* _What the task asks_: Using the data below, print exactly the line with "Apartamento en venta", the line with "Citizen Bv1119-81E Eco-Drive Men's Watch 1", and every line between them, but none of the pictures.
+++ Entries shown
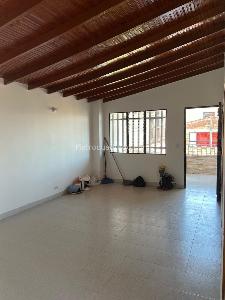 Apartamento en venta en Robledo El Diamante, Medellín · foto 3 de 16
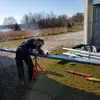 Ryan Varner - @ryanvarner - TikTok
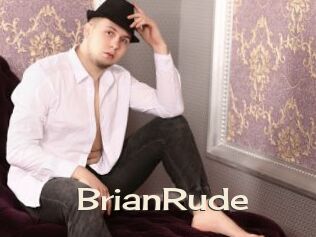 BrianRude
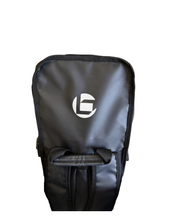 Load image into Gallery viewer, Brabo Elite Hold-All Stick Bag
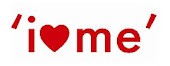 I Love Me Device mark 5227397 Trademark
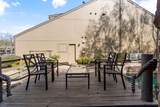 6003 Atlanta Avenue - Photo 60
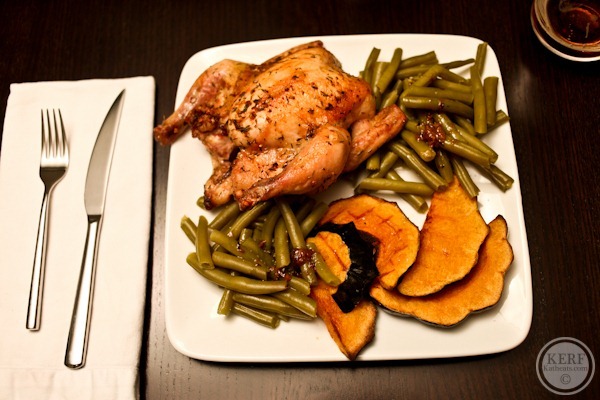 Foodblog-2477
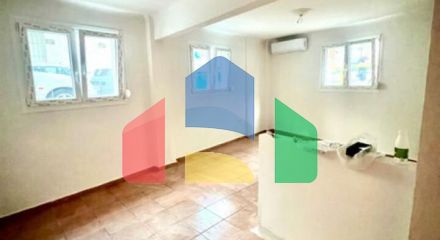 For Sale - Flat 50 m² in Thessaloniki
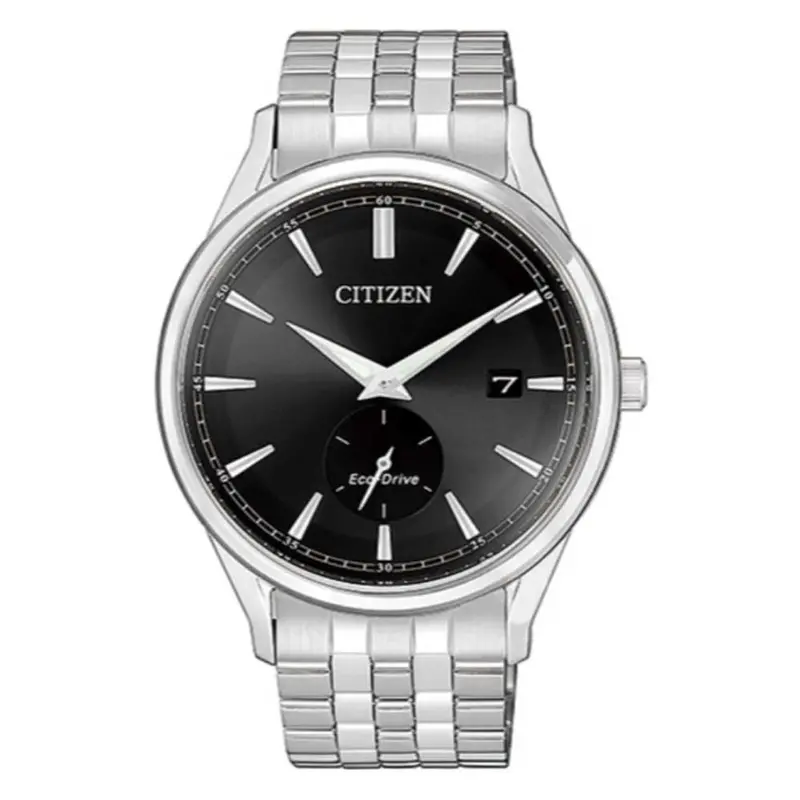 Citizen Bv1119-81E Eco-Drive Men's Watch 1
++++++
+++ Entries shown
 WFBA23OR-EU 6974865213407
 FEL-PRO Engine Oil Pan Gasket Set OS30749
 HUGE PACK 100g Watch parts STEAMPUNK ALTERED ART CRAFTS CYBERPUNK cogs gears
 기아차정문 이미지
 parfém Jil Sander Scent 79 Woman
++++++
* _Response_:
 Apartamento en venta en Robledo El Diamante, Medellín · foto 3 de 16
 Ryan Varner - @ryanvarner - TikTok
 BrianRude
 Load image into Gallery viewer, Brabo Elite Hold-All Stick Bag
 I Love Me Device mark 5227397 Trademark
 6003 Atlanta Avenue - Photo 60
 Foodblog-2477
 For Sale - Flat 50 m² in Thessaloniki
 Citizen Bv1119-81E Eco-Drive Men's Watch 1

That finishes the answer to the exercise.